GOAL OF THE EXERCISE: The entries below contain a line with "South Immokalee Heights, 2161" and a line with "daihatsu tanto 2008 CFJ1859239 image 19". Quote exactly those two lines and all lines between them.

SOURCE RECORDS:
= = = =
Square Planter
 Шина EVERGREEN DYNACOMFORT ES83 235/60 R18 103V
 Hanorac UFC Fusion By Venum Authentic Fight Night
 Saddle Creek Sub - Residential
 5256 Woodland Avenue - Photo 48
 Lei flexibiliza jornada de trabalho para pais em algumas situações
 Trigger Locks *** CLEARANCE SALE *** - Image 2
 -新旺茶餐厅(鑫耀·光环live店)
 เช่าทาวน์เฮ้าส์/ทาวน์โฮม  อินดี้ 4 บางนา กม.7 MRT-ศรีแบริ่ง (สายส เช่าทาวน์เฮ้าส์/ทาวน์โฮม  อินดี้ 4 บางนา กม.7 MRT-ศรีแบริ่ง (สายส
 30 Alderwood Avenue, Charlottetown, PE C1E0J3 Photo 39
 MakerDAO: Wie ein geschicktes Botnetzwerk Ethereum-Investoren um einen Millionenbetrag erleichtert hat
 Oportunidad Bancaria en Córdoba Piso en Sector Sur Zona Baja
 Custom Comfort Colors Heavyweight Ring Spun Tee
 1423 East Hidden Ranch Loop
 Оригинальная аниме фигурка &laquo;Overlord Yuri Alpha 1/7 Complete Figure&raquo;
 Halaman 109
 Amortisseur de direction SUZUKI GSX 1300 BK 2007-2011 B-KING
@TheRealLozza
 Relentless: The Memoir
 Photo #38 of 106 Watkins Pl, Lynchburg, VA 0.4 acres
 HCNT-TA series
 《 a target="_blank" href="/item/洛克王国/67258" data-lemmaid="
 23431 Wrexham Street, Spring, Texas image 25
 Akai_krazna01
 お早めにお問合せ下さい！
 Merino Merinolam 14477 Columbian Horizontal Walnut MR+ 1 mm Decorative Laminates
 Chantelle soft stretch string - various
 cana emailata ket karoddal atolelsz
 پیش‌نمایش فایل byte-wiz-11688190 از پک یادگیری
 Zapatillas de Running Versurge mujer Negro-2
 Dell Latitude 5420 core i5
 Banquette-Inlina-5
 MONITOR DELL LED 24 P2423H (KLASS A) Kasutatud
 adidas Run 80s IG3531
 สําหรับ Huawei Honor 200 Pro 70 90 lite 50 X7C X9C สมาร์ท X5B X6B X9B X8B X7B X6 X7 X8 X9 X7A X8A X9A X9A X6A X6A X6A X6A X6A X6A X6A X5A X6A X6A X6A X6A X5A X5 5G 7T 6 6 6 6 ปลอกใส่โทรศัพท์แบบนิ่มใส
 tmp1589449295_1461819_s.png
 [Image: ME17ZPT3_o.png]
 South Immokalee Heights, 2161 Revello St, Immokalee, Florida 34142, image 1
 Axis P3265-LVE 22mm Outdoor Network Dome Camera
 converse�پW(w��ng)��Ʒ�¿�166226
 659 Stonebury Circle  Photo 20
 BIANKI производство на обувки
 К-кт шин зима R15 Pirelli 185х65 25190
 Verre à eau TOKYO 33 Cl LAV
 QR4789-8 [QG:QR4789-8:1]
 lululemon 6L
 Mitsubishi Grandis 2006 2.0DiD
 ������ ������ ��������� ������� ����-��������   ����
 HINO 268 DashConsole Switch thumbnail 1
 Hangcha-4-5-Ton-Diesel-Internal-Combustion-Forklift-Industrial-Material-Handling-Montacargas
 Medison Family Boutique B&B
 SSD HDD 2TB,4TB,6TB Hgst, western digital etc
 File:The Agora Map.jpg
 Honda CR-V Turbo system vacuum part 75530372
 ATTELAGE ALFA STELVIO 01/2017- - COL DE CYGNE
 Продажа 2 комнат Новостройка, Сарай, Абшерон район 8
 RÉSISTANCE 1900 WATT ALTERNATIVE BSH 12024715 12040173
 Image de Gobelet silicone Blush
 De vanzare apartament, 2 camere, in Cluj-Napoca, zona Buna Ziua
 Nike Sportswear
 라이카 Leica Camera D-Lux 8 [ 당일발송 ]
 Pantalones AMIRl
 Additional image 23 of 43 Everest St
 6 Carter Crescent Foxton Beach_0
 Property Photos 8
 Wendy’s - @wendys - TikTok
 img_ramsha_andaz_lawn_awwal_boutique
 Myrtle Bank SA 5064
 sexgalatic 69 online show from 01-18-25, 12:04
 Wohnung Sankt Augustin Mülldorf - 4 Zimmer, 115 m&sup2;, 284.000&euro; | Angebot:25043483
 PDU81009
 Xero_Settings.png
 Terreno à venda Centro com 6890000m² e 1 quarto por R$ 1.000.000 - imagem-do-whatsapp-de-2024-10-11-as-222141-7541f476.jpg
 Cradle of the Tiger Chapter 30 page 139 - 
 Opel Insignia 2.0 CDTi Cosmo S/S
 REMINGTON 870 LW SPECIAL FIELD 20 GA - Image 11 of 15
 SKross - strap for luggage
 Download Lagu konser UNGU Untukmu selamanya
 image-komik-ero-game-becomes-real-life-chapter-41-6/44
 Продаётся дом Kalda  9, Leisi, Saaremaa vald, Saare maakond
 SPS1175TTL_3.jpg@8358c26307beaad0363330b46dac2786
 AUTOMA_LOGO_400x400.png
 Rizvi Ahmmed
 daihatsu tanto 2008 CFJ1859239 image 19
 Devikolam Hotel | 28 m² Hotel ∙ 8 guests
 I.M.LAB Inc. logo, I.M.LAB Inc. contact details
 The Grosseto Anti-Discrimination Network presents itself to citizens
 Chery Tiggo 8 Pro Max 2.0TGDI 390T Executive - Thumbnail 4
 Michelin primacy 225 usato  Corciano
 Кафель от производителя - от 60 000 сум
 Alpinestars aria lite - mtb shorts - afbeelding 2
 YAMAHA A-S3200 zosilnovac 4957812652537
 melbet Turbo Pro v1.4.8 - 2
= = = =
YOUR SOLUTION:
 South Immokalee Heights, 2161 Revello St, Immokalee, Florida 34142, image 1
 Axis P3265-LVE 22mm Outdoor Network Dome Camera
 converse�پW(w��ng)��Ʒ�¿�166226
 659 Stonebury Circle  Photo 20
 BIANKI производство на обувки
 К-кт шин зима R15 Pirelli 185х65 25190
 Verre à eau TOKYO 33 Cl LAV
 QR4789-8 [QG:QR4789-8:1]
 lululemon 6L
 Mitsubishi Grandis 2006 2.0DiD
 ������ ������ ��������� ������� ����-��������   ����
 HINO 268 DashConsole Switch thumbnail 1
 Hangcha-4-5-Ton-Diesel-Internal-Combustion-Forklift-Industrial-Material-Handling-Montacargas
 Medison Family Boutique B&B
 SSD HDD 2TB,4TB,6TB Hgst, western digital etc
 File:The Agora Map.jpg
 Honda CR-V Turbo system vacuum part 75530372
 ATTELAGE ALFA STELVIO 01/2017- - COL DE CYGNE
 Продажа 2 комнат Новостройка, Сарай, Абшерон район 8
 RÉSISTANCE 1900 WATT ALTERNATIVE BSH 12024715 12040173
 Image de Gobelet silicone Blush
 De vanzare apartament, 2 camere, in Cluj-Napoca, zona Buna Ziua
 Nike Sportswear
 라이카 Leica Camera D-Lux 8 [ 당일발송 ]
 Pantalones AMIRl
 Additional image 23 of 43 Everest St
 6 Carter Crescent Foxton Beach_0
 Property Photos 8
 Wendy’s - @wendys - TikTok
 img_ramsha_andaz_lawn_awwal_boutique
 Myrtle Bank SA 5064
 sexgalatic 69 online show from 01-18-25, 12:04
 Wohnung Sankt Augustin Mülldorf - 4 Zimmer, 115 m&sup2;, 284.000&euro; | Angebot:25043483
 PDU81009
 Xero_Settings.png
 Terreno à venda Centro com 6890000m² e 1 quarto por R$ 1.000.000 - imagem-do-whatsapp-de-2024-10-11-as-222141-7541f476.jpg
 Cradle of the Tiger Chapter 30 page 139 - 
 Opel Insignia 2.0 CDTi Cosmo S/S
 REMINGTON 870 LW SPECIAL FIELD 20 GA - Image 11 of 15
 SKross - strap for luggage
 Download Lagu konser UNGU Untukmu selamanya
 image-komik-ero-game-becomes-real-life-chapter-41-6/44
 Продаётся дом Kalda  9, Leisi, Saaremaa vald, Saare maakond
 SPS1175TTL_3.jpg@8358c26307beaad0363330b46dac2786
 AUTOMA_LOGO_400x400.png
 Rizvi Ahmmed
 daihatsu tanto 2008 CFJ1859239 image 19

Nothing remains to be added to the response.